JOÃO RAMALHO
Manuel da Nóbrega e José de Anchieta estudaram ambos na Universidade de
Coimbra, escreviam com desenvoltura e sabiam latim. Não teriam levado a
cabo a tarefa de plantar um colégio no alto da serra, porém, não fosse a
colaboração de uma dupla bem mais tosca: o português João Ramalho e o
índio Tibiriçá. Como é que João Ramalho veio dar com os costados no
Brasil é um mistério. Seria um náufrago? Um degredado dos que as naus
lusitanas costumavam largar nas terras recém-descobertas? Calcula-se que
tenha chegado por volta de 1510. Em 1532, ano da vinda de Martim Afonso
de Sousa, comandante da pioneira expedição “colonizadora” enviada pelo
governo de Lisboa, ele já era, serra abaixo, em São Vicente, e serra
acima, no planalto conhecido pelos índios como “Piratininga”, uma
espécie de chefe do pedaço.
João Ramalho vivia entre os índios da região, com quem firmou
parcerias que lhes garantiam vantagens nas guerras e nos negócios. Os
negócios podiam ser de troca com outros grupos de índios mas também — e
daí a importância de um europeu a comandá-los — de comércio de
mercadorias ou de escravos para as expedições que passavam pelo litoral
hoje paulista em direção ao Rio da Prata. Entre os índios aliados de
João Ramalho, destaca-se o cacique Tibiriçá, tido como o principal dos
líderes nativos na região. João Ramalho tomou como esposa, ou pelo menos
como uma das esposas, talvez a principal, uma filha de Tibiriçá,
Bartira. Formou-se então entre eles uma aliança de sangue que, se tem
valor entre outras gentes, entre os índios tem mais ainda. É para toda a
vida, e para o que der e vier.
O prestígio e a autoridade de João Ramalho garantiram uma boa
acolhida a Martim Afonso, em 1532. Tibiriçá ajudou, e tomou-se de tais
amores pelo comandante português, que quando foi batizado, e teve de
optar por um nome cristão, escolheu o de Martim Afonso Tibiriçá. João
Ramalho ainda prestou um favor extra a Martim Afonso: conduziu-o pelas
trilhas que levavam ao alto da serra. A partir daí, os colonizadores
ficaram sabendo que lá em cima se estendiam terras mais povoadas, mais
férteis e mais ricas de promessas do que a estreita faixa litorânea em
que se apertam as ilhas de São Vicente e Santo Amaro.

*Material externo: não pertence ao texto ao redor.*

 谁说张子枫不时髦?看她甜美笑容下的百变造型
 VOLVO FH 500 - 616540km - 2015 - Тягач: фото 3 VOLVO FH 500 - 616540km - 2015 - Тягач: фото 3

Foi uma prévia do amparo que, vinte anos depois, se ofereceria a
Nóbrega e Anchieta. A relação dos padres com João Ramalho foi
conflitada. Eles o enxergavam como um bruto que andava nu, tinha várias
mulheres e não respeitava os mandamentos cristãos, conforme se lê em
suas cartas. Mas, ao mesmo tempo, apoiavam-se nele, e sem ele, e sem
Tibiriçá, o projeto em que estavam envolvidos teria viabilidade zero.

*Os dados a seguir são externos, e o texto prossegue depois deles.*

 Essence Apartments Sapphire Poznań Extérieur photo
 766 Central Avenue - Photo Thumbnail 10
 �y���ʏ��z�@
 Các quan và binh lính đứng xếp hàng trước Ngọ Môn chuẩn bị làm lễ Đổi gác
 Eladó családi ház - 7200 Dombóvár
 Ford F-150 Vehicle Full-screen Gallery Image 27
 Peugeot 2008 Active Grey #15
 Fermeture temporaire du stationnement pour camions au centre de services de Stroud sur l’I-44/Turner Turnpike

Tibiriçá, que se supõe ter sido chefe de uma aldeia estabelecida onde
hoje é o Largo de São Bento, arregimentou os índios que viriam morar
perto e seriam doutrinados pelos jesuítas. Ele e João Ramalho garantiram
a segurança do local contra a investida de eventuais contrários.

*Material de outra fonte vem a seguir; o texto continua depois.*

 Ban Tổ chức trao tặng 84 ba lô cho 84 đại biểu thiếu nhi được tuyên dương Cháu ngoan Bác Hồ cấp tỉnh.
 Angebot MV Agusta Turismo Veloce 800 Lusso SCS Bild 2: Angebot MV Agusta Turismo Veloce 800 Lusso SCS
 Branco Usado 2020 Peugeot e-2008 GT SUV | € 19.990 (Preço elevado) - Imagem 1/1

Em 1562, deu-se um ataque que por pouco não risca do mapa a
incipiente São Paulo. Segundo detalhado relato de Anchieta, uma
coligação de nativos descontentes investiu sobre o povoado, manteve-o
sob cerco durante dois dias e chegou a avançar sobre o quintal dos
jesuítas. João Ramalho tomou a si a tarefa de comandar a resistência. E
Tibiriçá revelou-se, nela, o mais valoroso dos combatentes. O cacique,
chamado por Anchieta de “fundador e conservador da casa de Piratininga”,
morreu naquele mesmo ano. Seus restos encontram-se na cripta da
Catedral da Sé. João Ramalho morreu em 1580, em avançada idade. É o
fundador da dinastia de mamelucos que, no século seguinte, terá lugar de
destaque na empreitada comercial-militar conhecida como “bandeira”.